За этими вопросами все еще скрывается предпосылка, согласно которой желание нового является желанием истины. Еще Ницше поднял вопрос о ценности самой истины и желания истины. Ценность произведения культуры определяется его отношением к другим произведениям, но не отношением к внекультурной реальности, не его истинностью и не смыслом. Недостижимость истины, означаемого, реальности, бытия, смысла, очевидности, наличия наличествующего, которая сегодня вновь и вновь постулируется постмодернистским мышлением, следовательно, не должна рассматриваться как обесценивание всякой ценности и всякого нового. Ровно наоборот: недосягаемость истины и отсутствие смысла только способствуют постановке вопроса о ценности и новизне. Появление истины означает разрушение произведения культуры, которое делает эту истину доступной. Ибо истина ставит нас перед неразрешимой дилеммой выбора между абсолютным смыслом и тотальной бессмыслицей. При этом в любом случае само произведение культуры оказывается избыточным. Лишь в системе означающих начинает действовать иерархия ценностей. И лишь в системе означающих может встать вопрос о сигнификате наличия, нового, актуального, истинного, осмысленного, аутентичного, непосредственного: не о непосредственной манифестации наличествующего в его метафизическом наличии по ту сторону всякого означения, но об означающем, которому можно и должно присвоить ценность, поскольку оно здесь и сейчас означает присутствие наличествующего или Другое традиции.

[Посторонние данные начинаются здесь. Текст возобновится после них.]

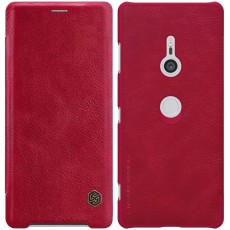 NILLKIN Qin Series Card Holder Leather Case priekš Sony Xperia XZ3 H9436 - Sarkans - sāniski atverams maciņš (ādas maks, grāmatiņa, leather book wallet case cover)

Если новое не является познанием сокрытого – не является открытием, творением или вынесением внутреннего вовне, – то это означает, что для инновации все с самого начала является открытым, несокрытым, очевидным и доступным.

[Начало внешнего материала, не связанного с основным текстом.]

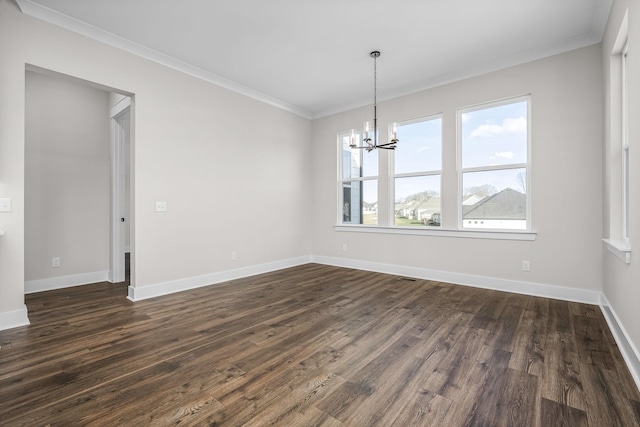 unfurnished dining area featuring crown molding, dark hardwood / wood-style floors, and a notable chandelier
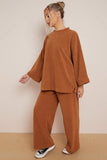 KATCH ME Camel Casual Loose Top & Wide Leg Pants Co-ord Co-ord 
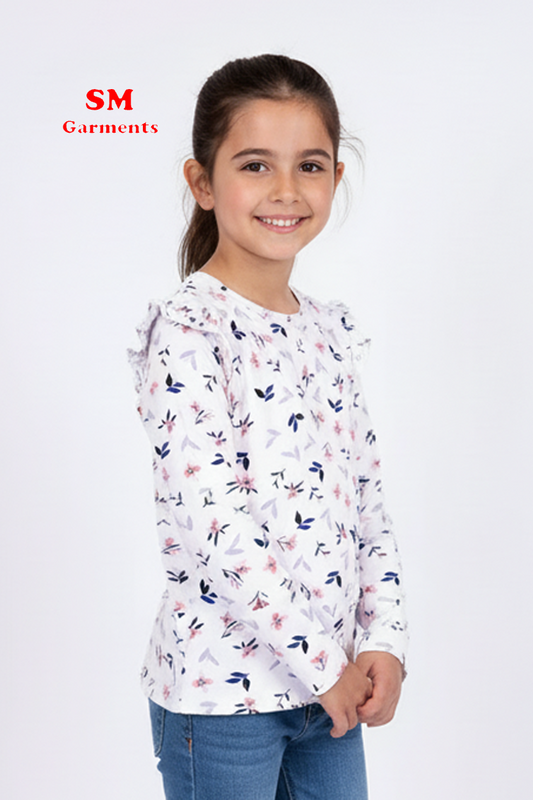 DU PAREIL FLORAL GIRLS T-SHIRT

Инновация не оперирует самими по себе внекультурными вещами, но лишь культурными иерархиями и ценностями. Инновация заключается не в том, чтобы выявить что-то, что ранее было скрыто, но в том, чтобы ценность того, что уже давно было видно и известно, подверглась переоценке.
Переоценка ценностей есть общая форма инновации: истинное или утонченное, считающееся ценным, обесценивается, а то, что раньше расценивалось как банальное, чуждое, примитивное или вульгарное, обретает ценность. Как переоценка ценностей, инновация выступает в качестве экономической операции. Требование нового, таким образом, относится к области экономических требований, определяющих жизнь общества в целом. Экономика – это обмен ценностями в рамках определенных иерархий ценностей. Участие в этом обмене требуется от всех, кто хочет участвовать в жизни общества. И культура – часть этой жизни. При этом привычное разделение ценностей на материальные и духовные становится неважным: предполагать, будто продукт культуры обладает духовной ценностью, не соответствующей его материальной ценности, на самом деле означает лишь то, что данный продукт пере- или недооценен «материально», и неявно подразумевает, что необходимо уравнять его материальную ценность с идеальной.

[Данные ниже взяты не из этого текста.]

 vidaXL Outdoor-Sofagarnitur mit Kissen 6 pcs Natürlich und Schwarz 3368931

Подчинение культуры экономическим требованиям, как правило, приводило к обвинениям в предательстве изначальной задачи культуры – стремиться к истине и выявлять истину. Но обвинения эти основываются на фундаментальном заблуждении. Они исходят из того, что функционирование экономической системы понятно, что экономические рычаги можно описать и систематизировать, что экономика вообще представляет собой систему, структуру которой можно изучить и описать научными методами. В таком случае любая культурная деятельность, подчиненная экономическим требованиям, действительно была бы тавтологична и избыточна, поскольку она лишь воспроизводила бы систему, внутреннее устройство и функционирование которой уже известны. Новое тогда и в самом деле перестало бы быть новым, а было бы лишь подтверждением существования системы, рынка, господствующих производственных отношений[9]. Но убежденность в том, что экономику можно описать, – всего лишь иллюзия.